It is rare for stories to be specially commissioned for an audio book, but as Maxim Jakubowski, the editor of The Sounds of Crime tells us in a pre-thrill talk, he ‘begged’ the five writers he considered to be the best in their field to produce a new story for this collection; and ‘happily for me,’ he tells us, ‘they all agreed.’ Jakubowski’s introduction evokes those black-and-white days when Alfred Hitchcock shuffled on to millions of walnut-encased television sets to present us with half an hour of spine-tingling tension — very much as we have with each of the stories here.

‘Dolly’s Trash and Treasure’ is a harsh warning for potential hoarders of everything from mould-encrusted peanut-butter jars to stacks of old newspapers. Load your recycling bins now! Lawrence Block’s most famous creation is private investigator Matt Scudder, and the veteran crime grand master has us speculating and ultimately dreading what lurks beneath the piles of detritus in Dorothy Socrates’s apartment. The entire story is in dialogue, and full marks go to the narrator, Buffy Davis, for her vocal acrobatics.

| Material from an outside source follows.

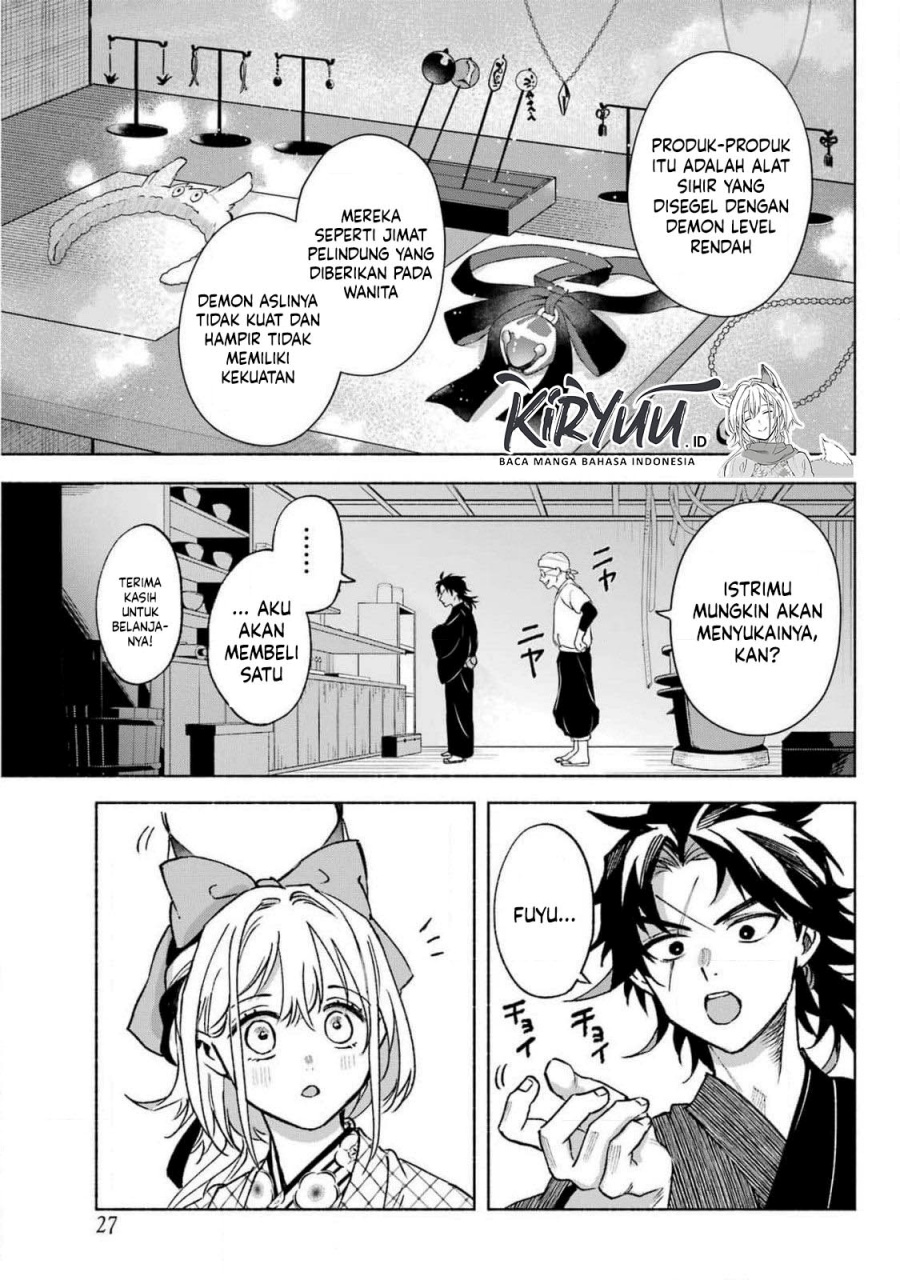 Kyouganeke no Hanayome Chapter 12 Bahasa Indonesia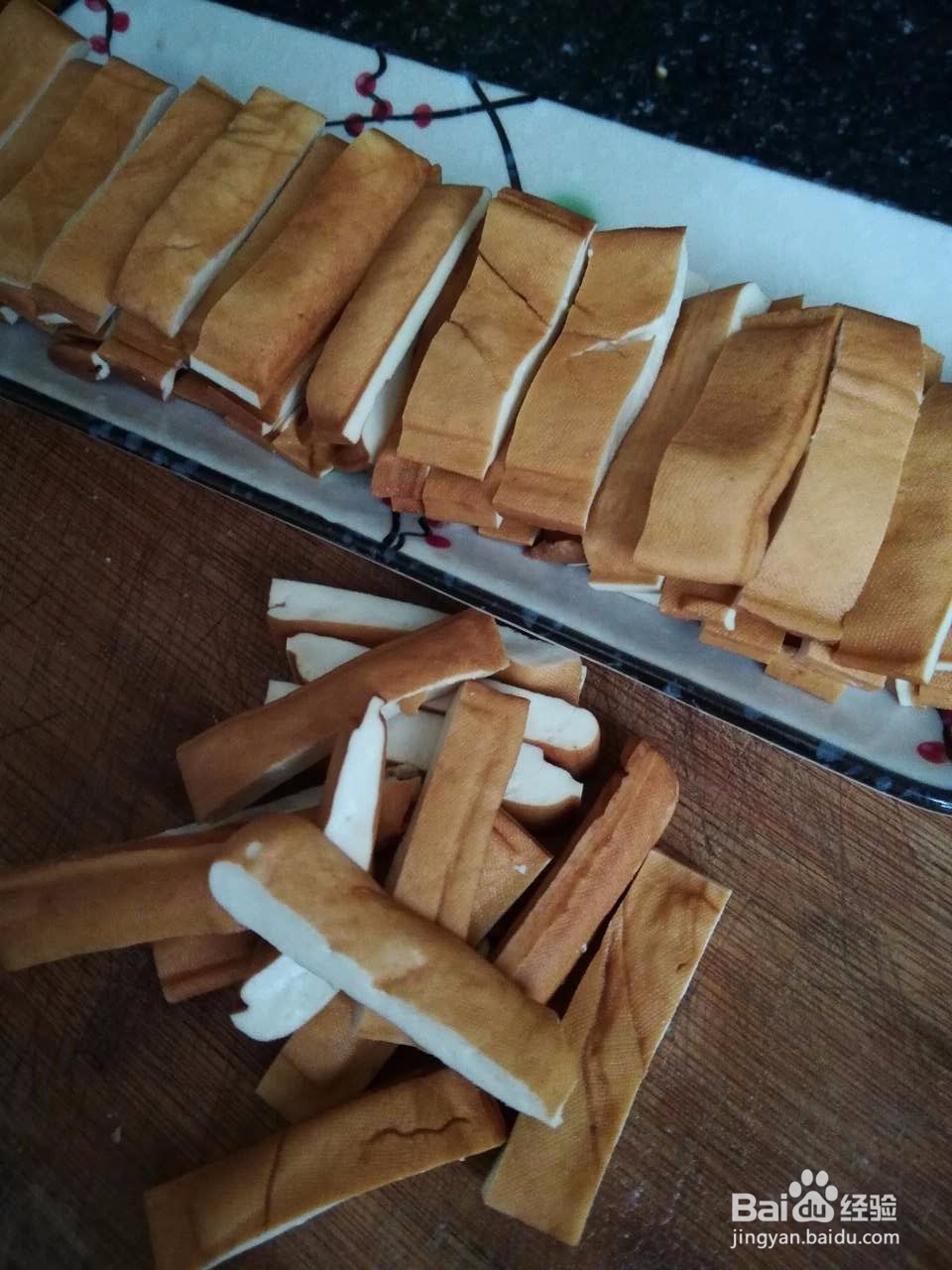 超好吃的一款下酒菜, 有颜值的素炒酱干!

In fact this collection contains every form of life alert. ‘Meet Me at the Crematorium’ would certainly deter me from experimenting with online dating. Janet from Eastbourne is sick and tired of Trevor, an embalmer. Although she doesn’t find the death business unattractive in itself, Trevor is too dull and predictable for her taste. Even their visits to the local S&M club are becoming wearily routine: if it’s Wednesday it must be nipple clamps.